THE TASK: Skip the images and return the records below exactly.

##### EXERCISE DATA

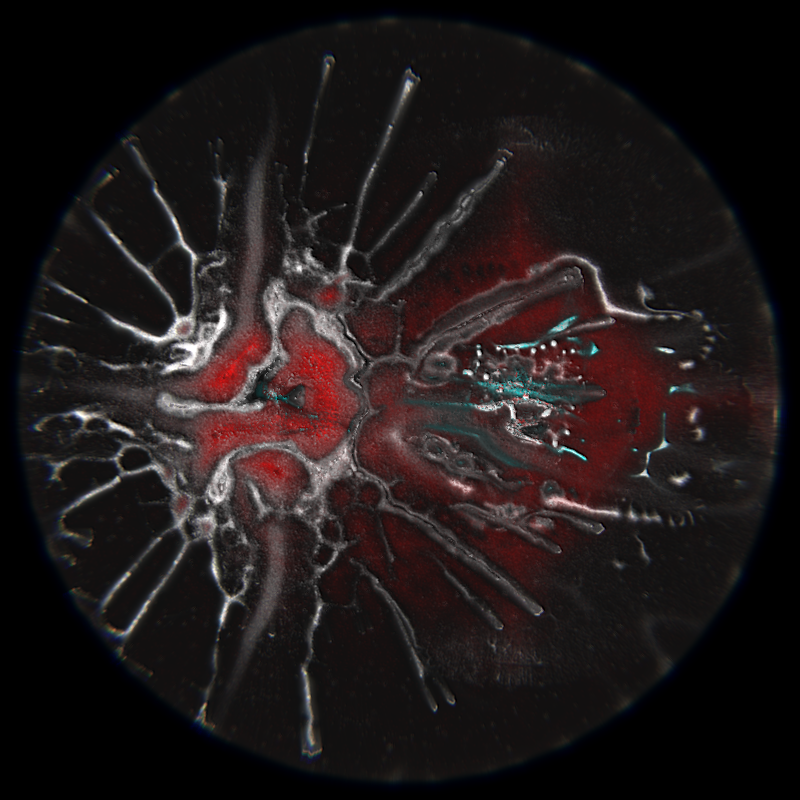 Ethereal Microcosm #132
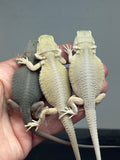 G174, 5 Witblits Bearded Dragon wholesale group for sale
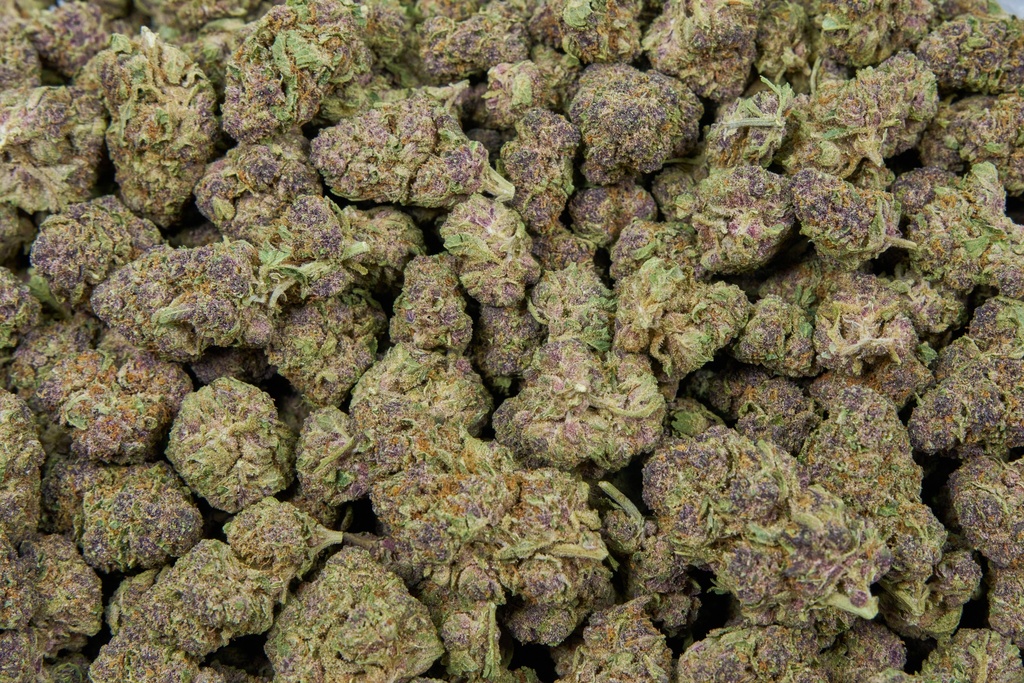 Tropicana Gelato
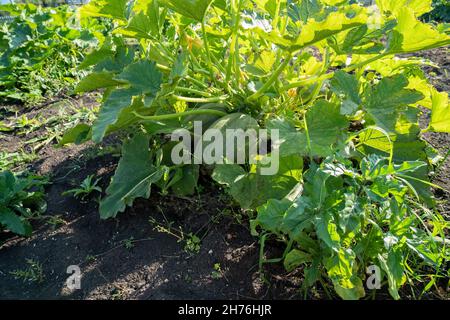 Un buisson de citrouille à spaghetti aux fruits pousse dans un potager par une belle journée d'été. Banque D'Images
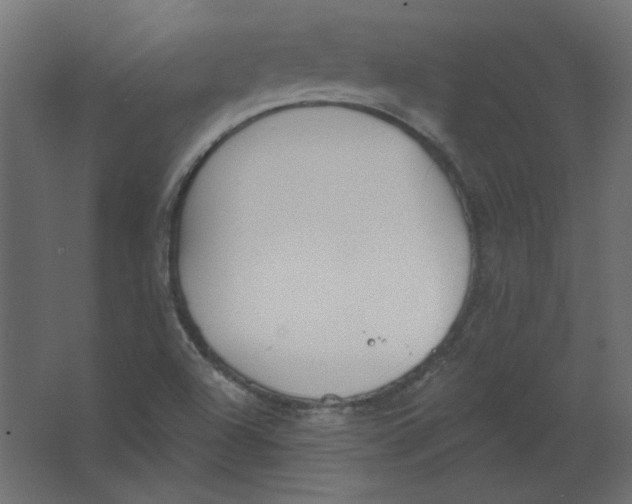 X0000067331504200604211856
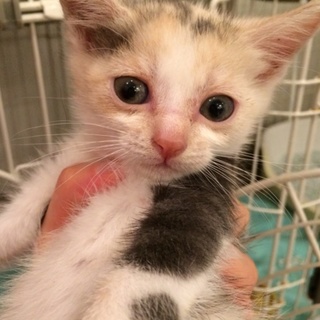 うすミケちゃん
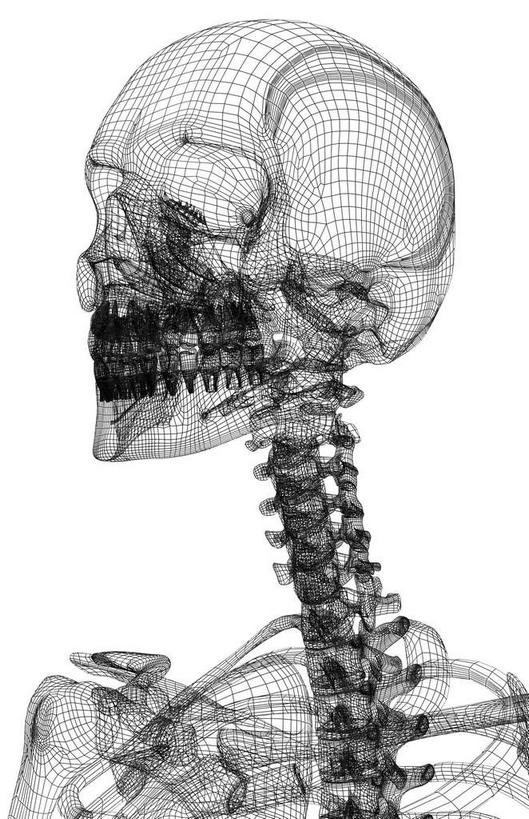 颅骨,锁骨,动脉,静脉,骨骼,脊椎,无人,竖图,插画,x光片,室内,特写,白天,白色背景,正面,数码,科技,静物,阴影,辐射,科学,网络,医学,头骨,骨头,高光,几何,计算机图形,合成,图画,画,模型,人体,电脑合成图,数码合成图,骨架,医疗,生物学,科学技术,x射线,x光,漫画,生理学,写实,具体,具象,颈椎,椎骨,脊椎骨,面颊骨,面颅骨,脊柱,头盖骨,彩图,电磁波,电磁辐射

##########

FINISHED EXERCISE:
 Ethereal Microcosm #132
 G174, 5 Witblits Bearded Dragon wholesale group for sale
 Tropicana Gelato
 Un buisson de citrouille à spaghetti aux fruits pousse dans un potager par une belle journée d'été. Banque D'Images
 X0000067331504200604211856
 うすミケちゃん
 颅骨,锁骨,动脉,静脉,骨骼,脊椎,无人,竖图,插画,x光片,室内,特写,白天,白色背景,正面,数码,科技,静物,阴影,辐射,科学,网络,医学,头骨,骨头,高光,几何,计算机图形,合成,图画,画,模型,人体,电脑合成图,数码合成图,骨架,医疗,生物学,科学技术,x射线,x光,漫画,生理学,写实,具体,具象,颈椎,椎骨,脊椎骨,面颊骨,面颅骨,脊柱,头盖骨,彩图,电磁波,电磁辐射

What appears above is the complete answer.